By Kwanchai Rungfapaisarn
Managing Director Sathien Setthasit said that the company expected its annual sales to increase from Bt8.9 billion with more than Bt200 million in profit last year , to about Bt12 billion this year, and up to Bt20 billion in sales and Bt1 billion in profit by 2020.
“We plan to open 100 new CJ Express stores this year,” he said, adding that each CJ Express store required about Bt10 million of investment, including Bt2 million for merchandises and inventory.
CJ Express Group currently has Bt1.4 billion in registered capital.
Sathien said to be successful in doing retail business is to create its own strength.
“To win the competition in this intense retail market, we need to have product differentiation,” he said.
Sathien said that major convenience store players 7-Eleven and Family Mart have been positioned as convenience food stores. They are quite similar to Tesco and Mini Big C, which are focusing on selling foods and grocery products.

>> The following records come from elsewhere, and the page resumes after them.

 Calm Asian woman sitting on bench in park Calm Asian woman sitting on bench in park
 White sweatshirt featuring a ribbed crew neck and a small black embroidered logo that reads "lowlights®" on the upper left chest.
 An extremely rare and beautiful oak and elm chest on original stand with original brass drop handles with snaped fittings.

“At CJ Express, we have opened beauty and gift corners at our stores. This makes our store not sell only foods and groceries, but also beauty and lifestyle products. We also do not open 24 hours a day so that we can slash daily expenses by one-third,” he said.
“Last year, CJ achieved Bt8.9 billion in total sales or at about Bt100,000 per day. We also earned more than Bt200 million in profit. We plan to open 100 new CJ stores this year and expect our total sales to reach Bt12 billion,” said Sathien.

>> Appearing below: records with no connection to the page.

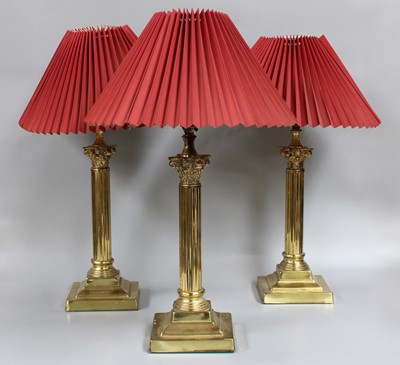 Lot 1412 - A Set of Three Brass Corinthian Column Form...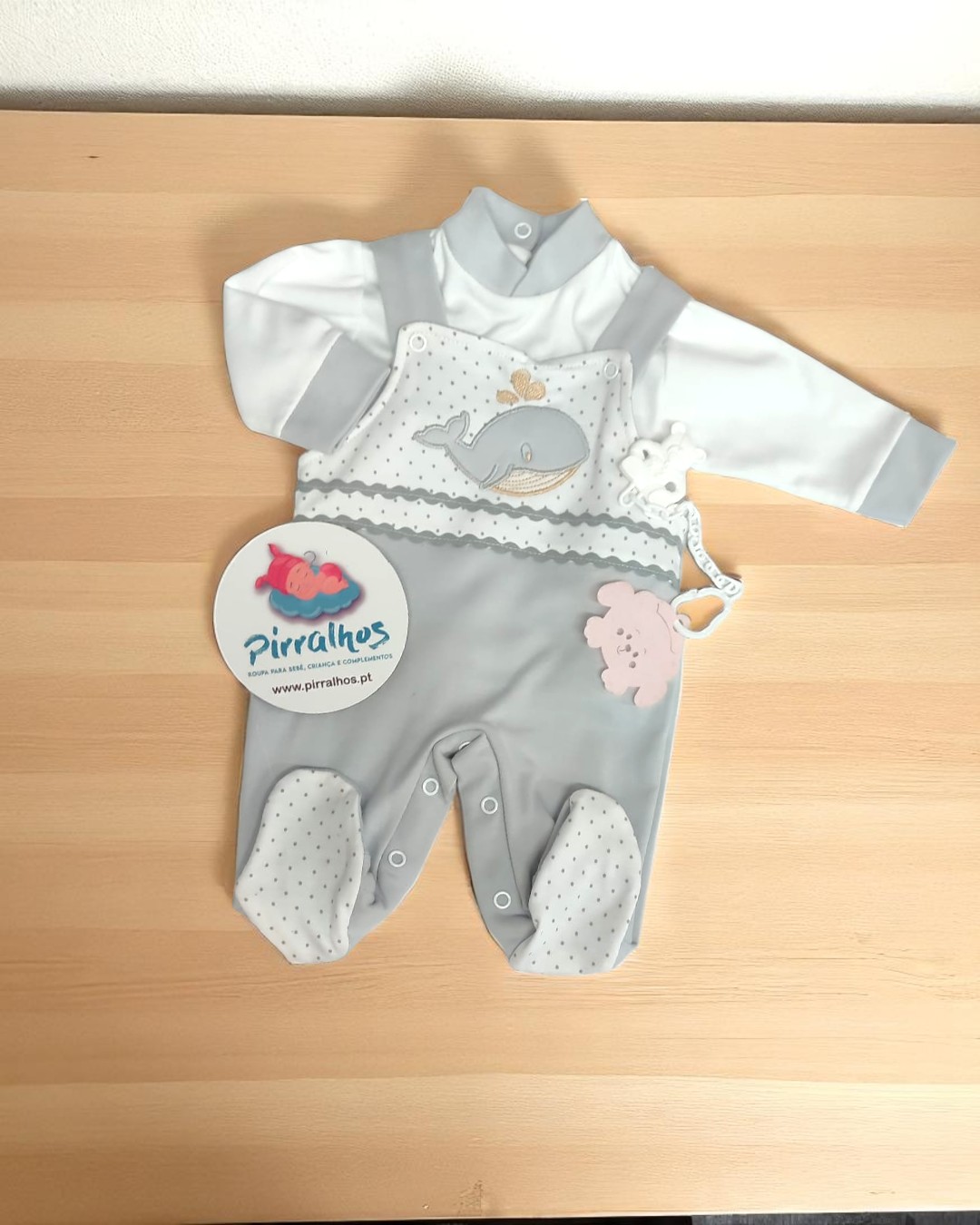 Macacão de bebé cinza e branco com baleia e elefante e etiqueta da marca Pirralhos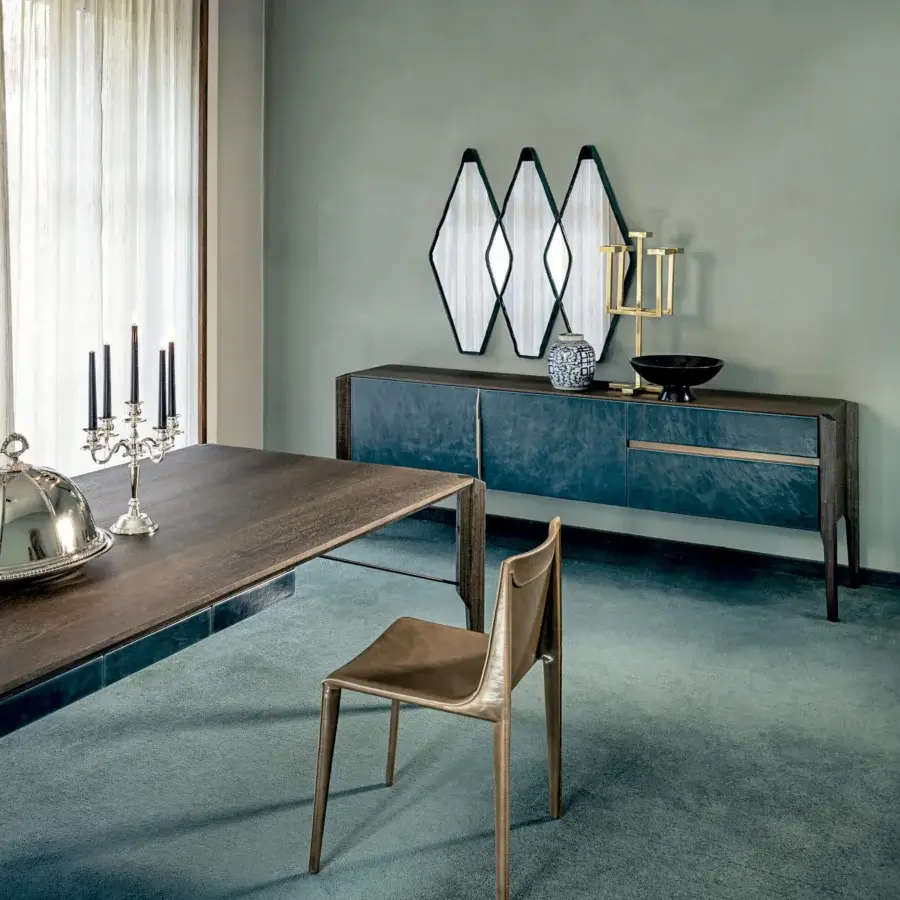 Teal sideboard with brass trim, paired with dark wood dining table, light brown leather chair, geometric metal wall art, turquoise carpet.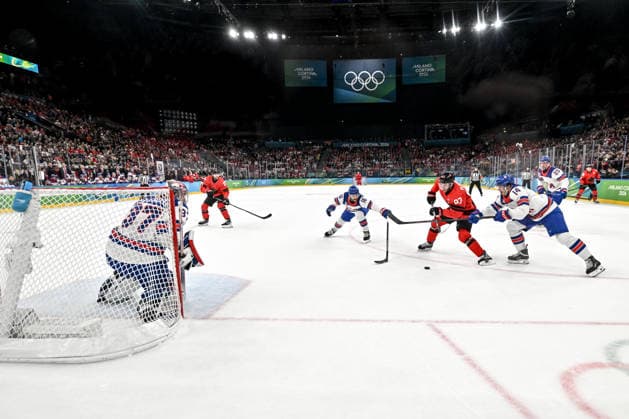 MILAN, ITALY - FEBRUARY 22: Connor McDavid of Canada R) in action against Brock Faber of United States R) and Vincent Trocheck of United States during the Ice hockey, Eishockey Men™s Gold Medal Game match between Canada and USA on day sixteen of the Milano Cortina 2026 Winter Olympic Games, Olympische Spiele, Olympia, OS at Milano Santagiulia Ice Hockey Arena on February 22, 2026 in Milan, Italy. Milan Milano Santagiulia Ice Hockey Arena Italy *** MILAN, ITALY FEBRUARY 22 Connor McDavid of Canada R in action against Brock Faber of United States R and Vincent Trocheck of United States during the Ice Hockey Men™s Gold Medal Game match between Canada and USA on day sixteen of the Milano Cortina 2026 Winter Olympic games at Milano Santagiulia Ice Hockey Arena on February 22, 2026 in Milan, Italy Milan Milano Santagiulia Ice Hockey Arena Italy Copyright: xJustPictures.ch AndreaxBrancax jp-en-EuSpIm-AB-DSC_454722022026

Sathien and his friends own 80 per cent stake in CJ Express Group, which operates 280 CJ Express outlets.
“We plan to have 650 CJ stores by 2020 with total sales at about Bt20 billion annually. Then, we will list CJ Express Group on the stock market,” said Sathien.

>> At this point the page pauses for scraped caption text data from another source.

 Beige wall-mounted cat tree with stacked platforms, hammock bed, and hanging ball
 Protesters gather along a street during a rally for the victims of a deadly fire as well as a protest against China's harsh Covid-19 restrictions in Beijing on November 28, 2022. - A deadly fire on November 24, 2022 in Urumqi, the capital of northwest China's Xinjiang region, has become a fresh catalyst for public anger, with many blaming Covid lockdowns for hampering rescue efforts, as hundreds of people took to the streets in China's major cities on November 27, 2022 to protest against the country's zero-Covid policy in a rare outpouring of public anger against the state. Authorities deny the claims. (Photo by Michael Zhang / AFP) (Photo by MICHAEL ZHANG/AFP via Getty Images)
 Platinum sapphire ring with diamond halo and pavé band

He added that the expansion of CJ convenience stores in the next five years will focus on the central region of Thailand.
Sathien said that the company is cooperating with SCG Yamato Express, which will use CJ stores as ‘drop and pick up point’ for its express service. The CJ store in Ratchaburi is used as a pilot store for such cooperation.
Sathien, who is also a co-founder and chairman/CEO of Carabao Group, manufacturer and distributor of Carabao energy drink, and chairman of Tawandang DCM, the group’s logistics arm, said that logistics is the most important factor in doing the business.
“Domestically, we will focus on developing a logistics network, the so called ‘cash van’ system so that our sales team will be able to connect themselves with 220,000 traditional retailers throughout the Kingdom. We plan to increase the number of individual retail stores in our network to about 300,000 by the end of this year,” said Sathien.
Sathien said Tawandang DCM currently has about 300 cash vans and they are supported by a strong back office so that the company will be able to track all sales people where they are and how many stores they have visited to sell the products. This is a fundamental for a good logistics system. He added that the company had invested Bt400 million into the cash van system last year.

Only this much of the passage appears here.